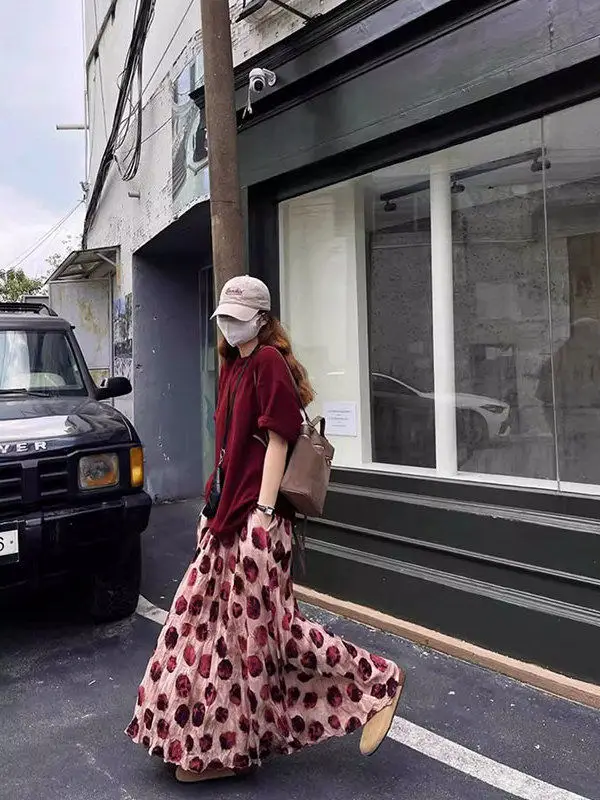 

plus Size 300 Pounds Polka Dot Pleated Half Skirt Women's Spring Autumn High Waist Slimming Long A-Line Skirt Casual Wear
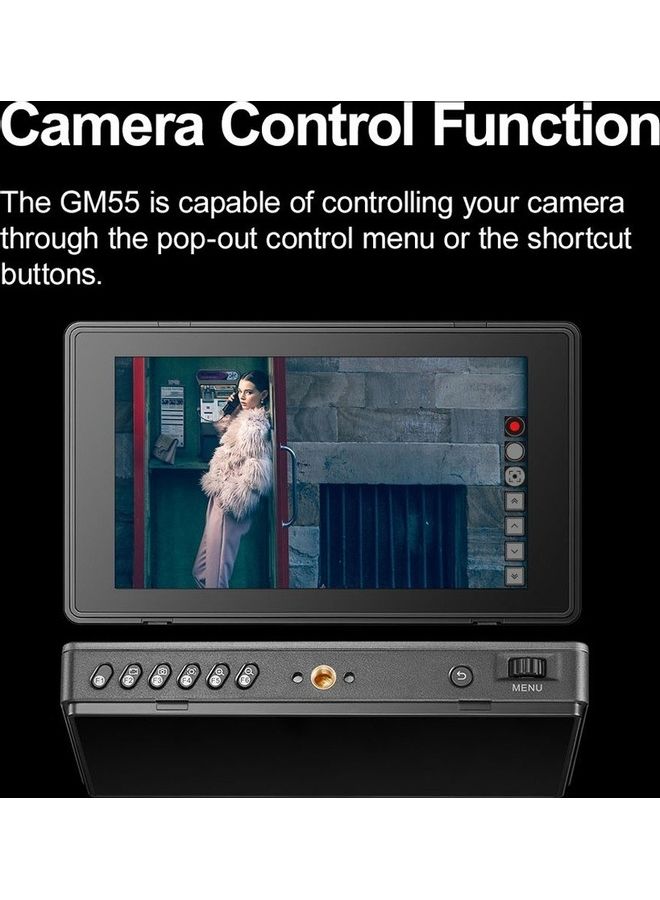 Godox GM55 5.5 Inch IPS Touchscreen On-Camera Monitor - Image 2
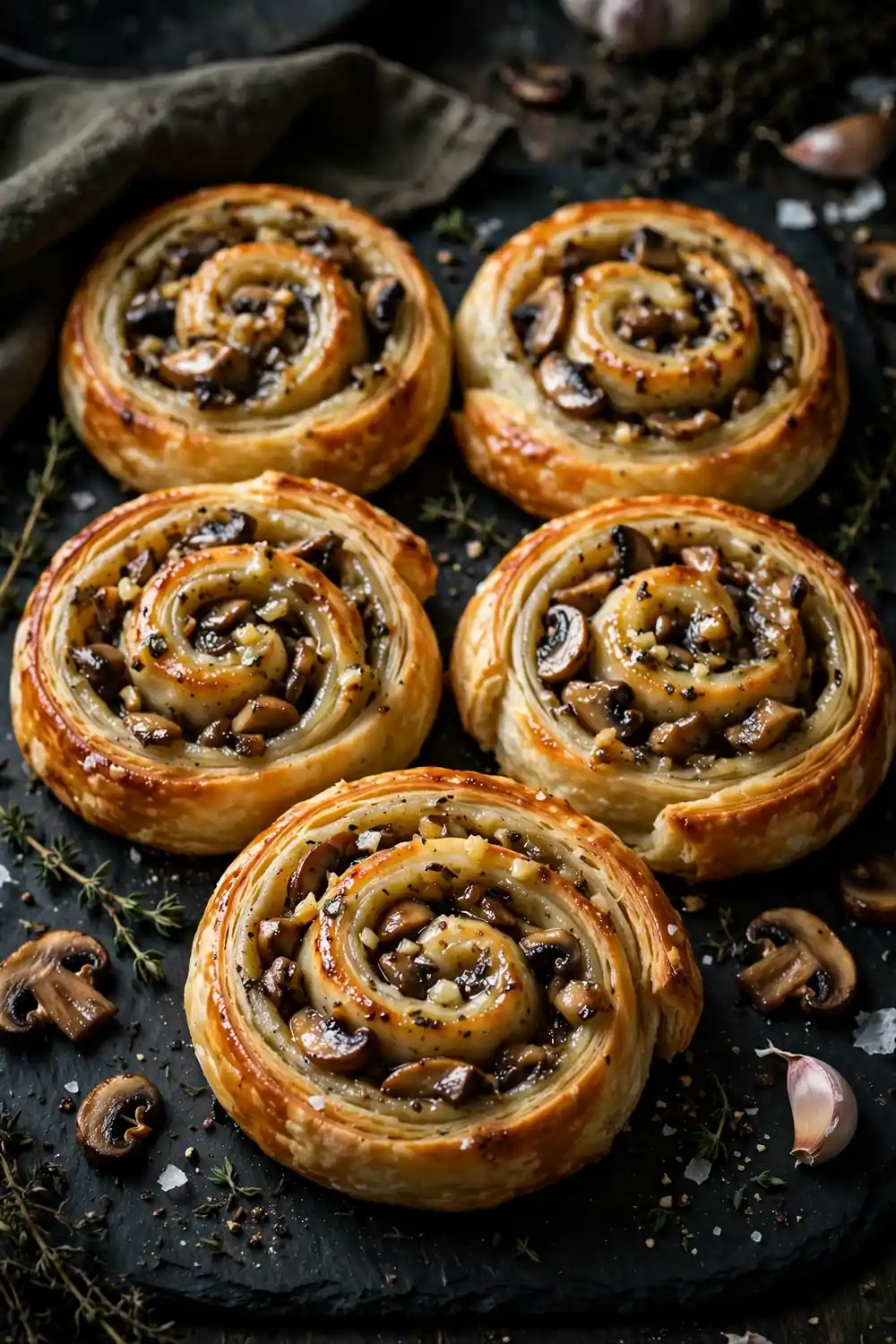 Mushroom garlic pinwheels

= = =

▸ TASK GOAL
With the pictures left out, copy exactly the lines from the one containing "Godox GM55 5.5" through the last line of the data.

▸ ANSWER FOR THIS EXERCISE
 Godox GM55 5.5 Inch IPS Touchscreen On-Camera Monitor - Image 2
 Mushroom garlic pinwheels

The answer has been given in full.